## Your instructions
Only the lines from the one holding "a small bedroom" to the end of the data should be echoed, exactly as they appear, minus the pictures.

[Captioned web image data]
- - - -

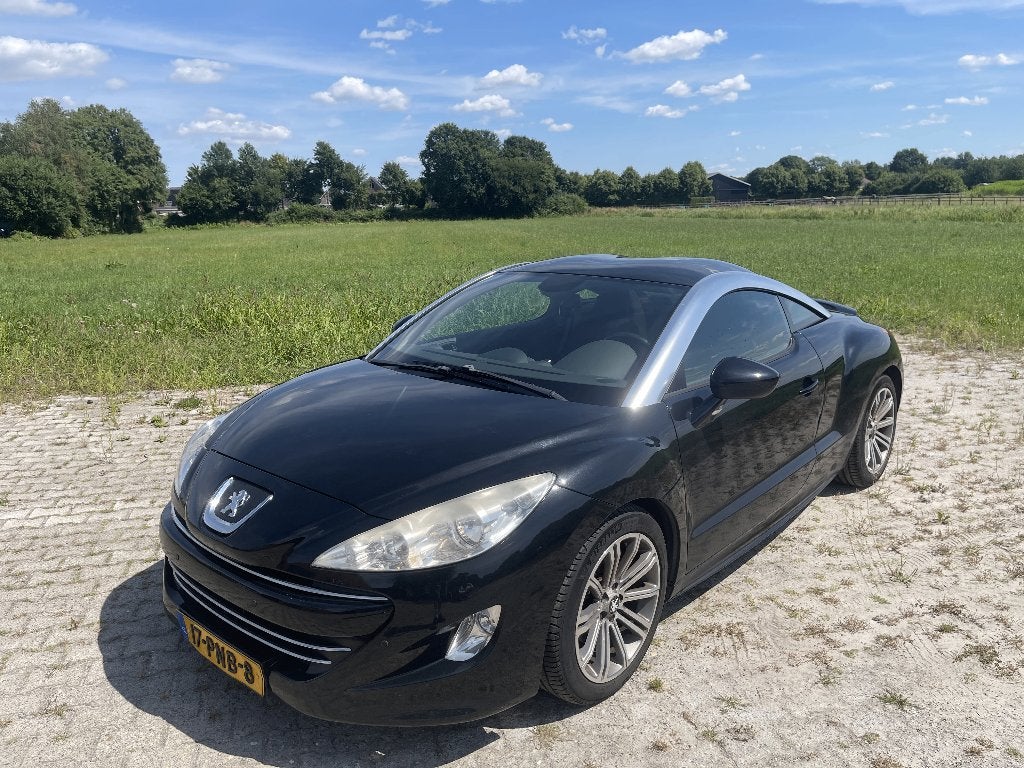 Peugeot RCZ 1.6 THP 2011 Zwart, Auto's, Peugeot, Voorwielaandrijving, Euro 5, 15 km/l, Bluetooth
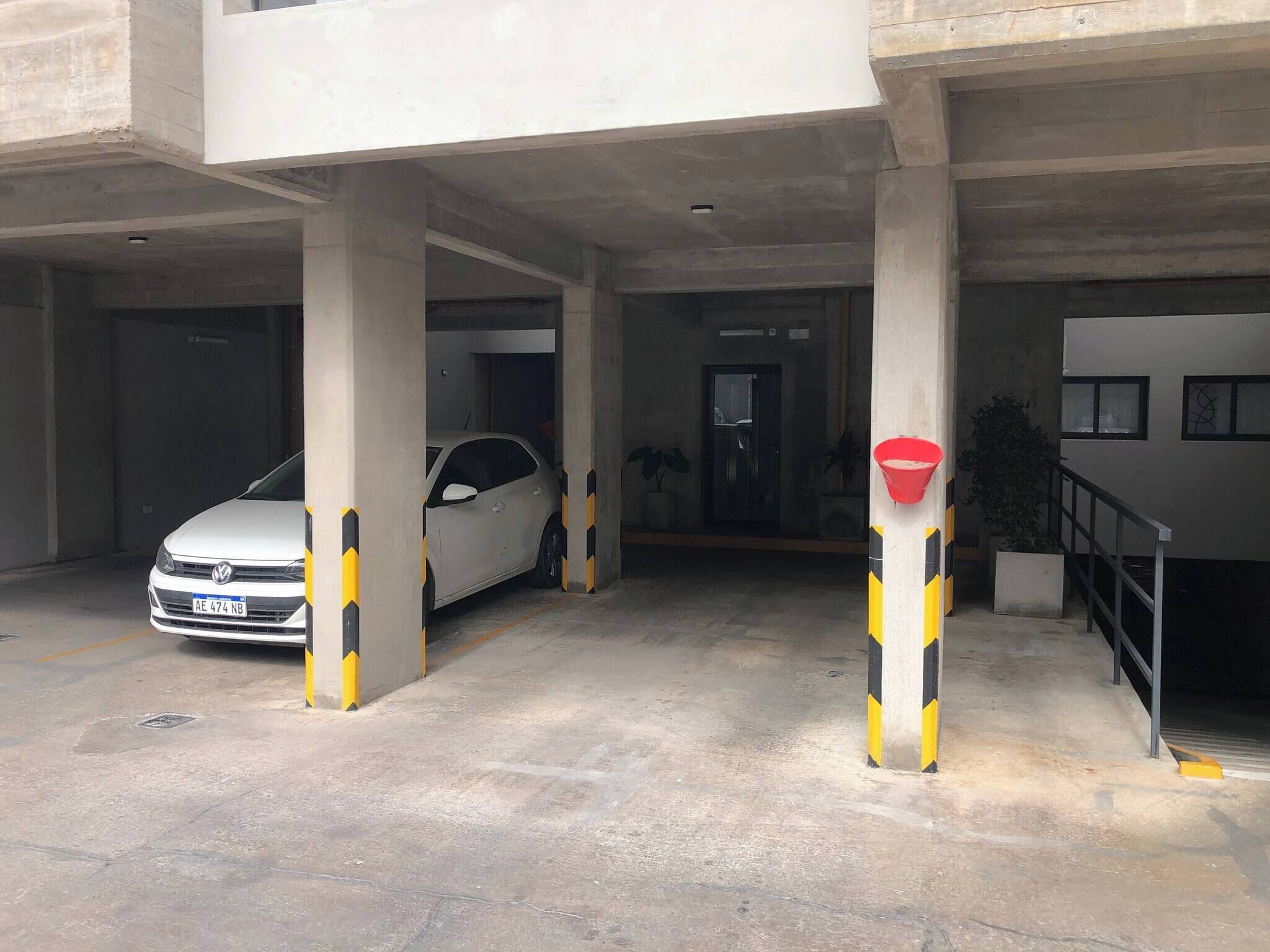 Un parcheggio con pilastri in cemento, un'auto bianca e un secchio rosso su un pilastro.
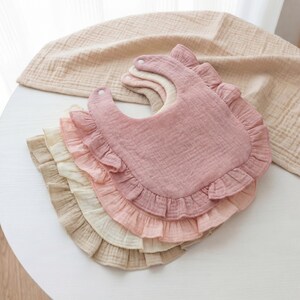 May include: A stack of four layered muslin bibs in shades of dusty rose, light pink, cream, and beige. Each bib features a rounded shape with a ruffled edge and a single white snap closure at the neck, crafted from a soft, textured fabric.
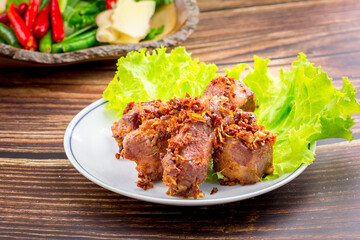 Thai deep-fried crispy pork with herb on white plate and wooden table. Food concept.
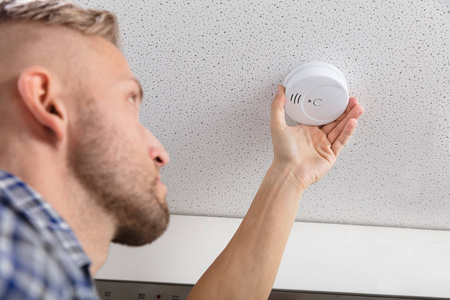 s Hand Installing Smoke Detector On Ceiling Wall At Home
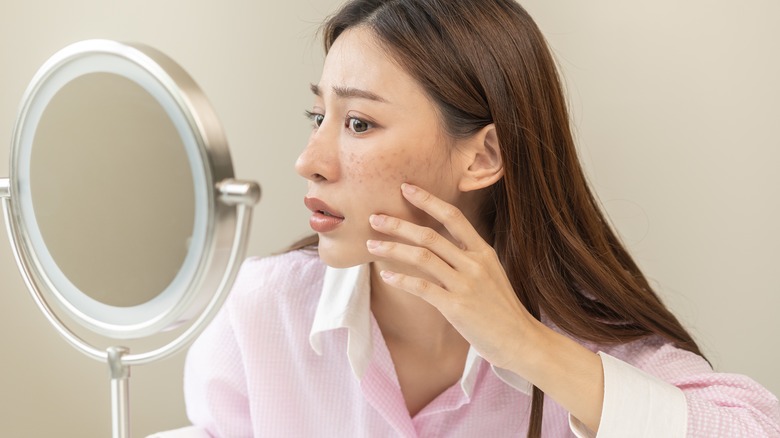 Woman examines acne in mirror 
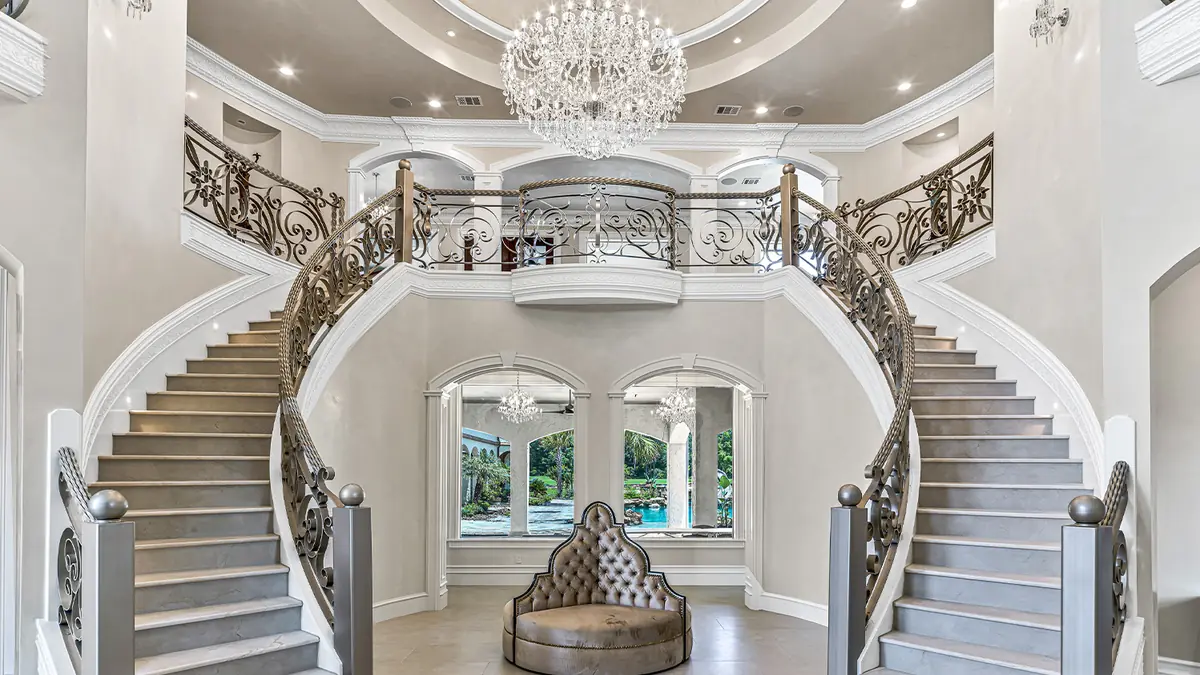 Twin curved staircase in a finished luxury home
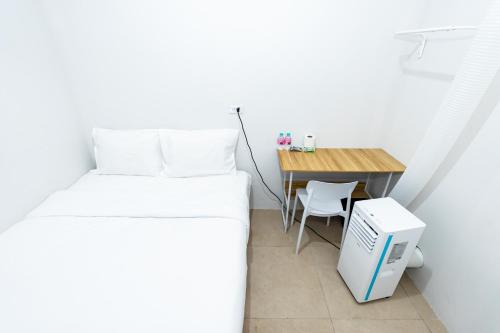 a small bedroom with a bed and a desk at The Hidden Khaosan เดอะ ฮิดเด้นข้าวสาร in Bang Bua Thong Railway Station
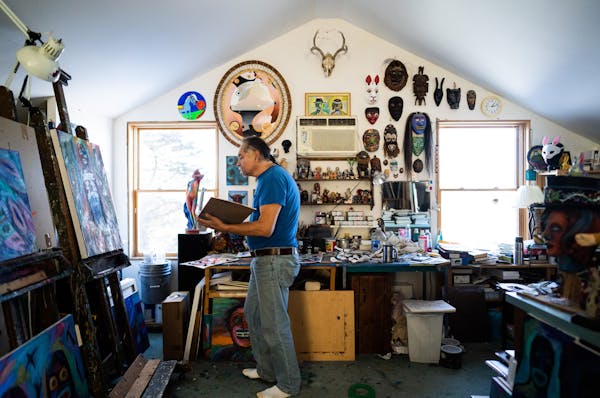 Jim Denomie worked in his home studio, surrounded by his own paintings and a vast collection of masks and trinkets.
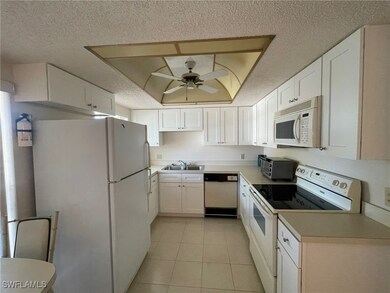 Kitchen featuring white appliances, white cabinets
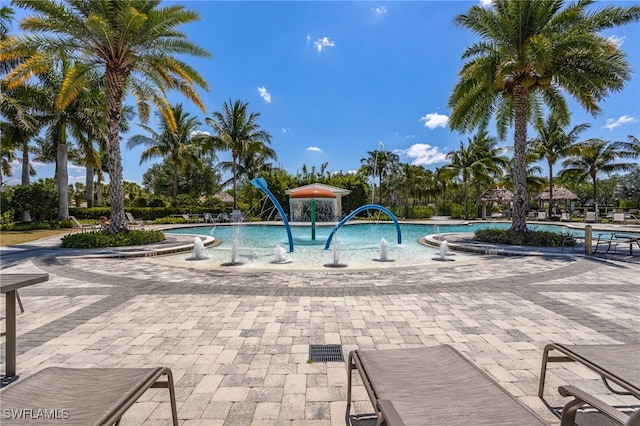 2094 Satsuma Ln, Naples, FL 34120 - community pool with a patio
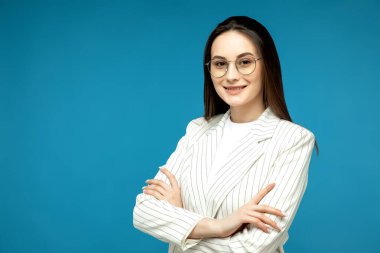 Mavi arka planda kollarını kavuşturmuş gülümseyen kuzen kadının portresi.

- - - -

## The completed task
 a small bedroom with a bed and a desk at The Hidden Khaosan เดอะ ฮิดเด้นข้าวสาร in Bang Bua Thong Railway Station
 Jim Denomie worked in his home studio, surrounded by his own paintings and a vast collection of masks and trinkets.
 Kitchen featuring white appliances, white cabinets
 2094 Satsuma Ln, Naples, FL 34120 - community pool with a patio
 Mavi arka planda kollarını kavuşturmuş gülümseyen kuzen kadının portresi.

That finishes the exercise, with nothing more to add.